Leaving the pictures aside, reproduce the data in full and word for word.
Top of DATA BLOCK
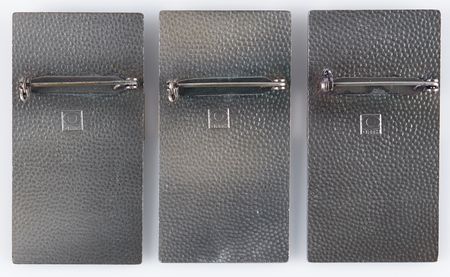 Lot #3209 Innsbruck 1976 Winter Olympics Group of (3) Badges - Image 2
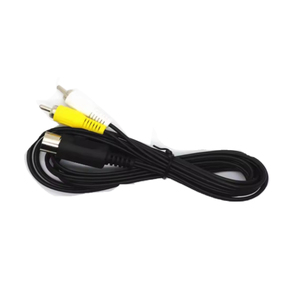 Câble AV standard pour <span class=keywords><strong>Sega</strong></span> <span class=keywords><strong>Megadrive</strong></span> 1 MD1 <span class=keywords><strong>Console</strong></span> 1.8m 6ft pieds 3 cordon de connexion RCA - Product Image 4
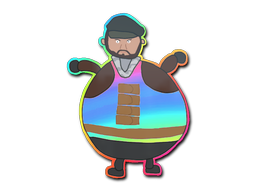 Sticker | Poorly Drawn Balkan | Holo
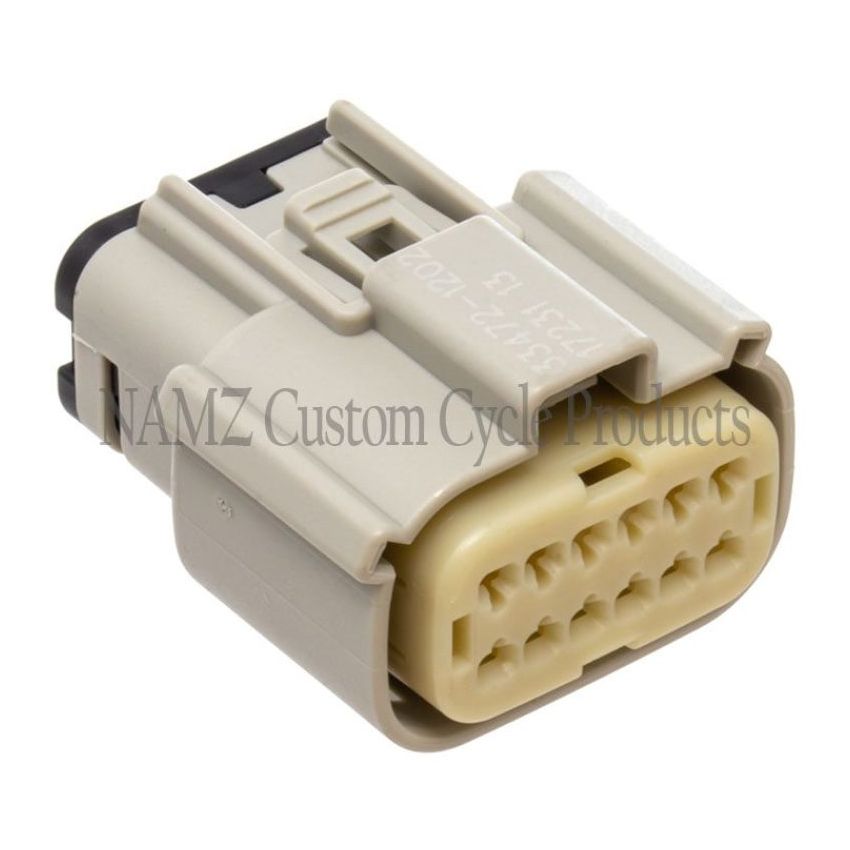 NAMZ NM-33472-1202 07-23 Touring/LiveWire Main Harness Molex MX-150 12-Position Female - Black (HD 72489-07GY)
Bottom of DATA BLOCK
--- OUTPUT OF THE EXERCISE ---
 Lot #3209 Innsbruck 1976 Winter Olympics Group of (3) Badges - Image 2
 Câble AV standard pour <span class=keywords><strong>Sega</strong></span> <span class=keywords><strong>Megadrive</strong></span> 1 MD1 <span class=keywords><strong>Console</strong></span> 1.8m 6ft pieds 3 cordon de connexion RCA - Product Image 4
 Sticker | Poorly Drawn Balkan | Holo
 NAMZ NM-33472-1202 07-23 Touring/LiveWire Main Harness Molex MX-150 12-Position Female - Black (HD 72489-07GY)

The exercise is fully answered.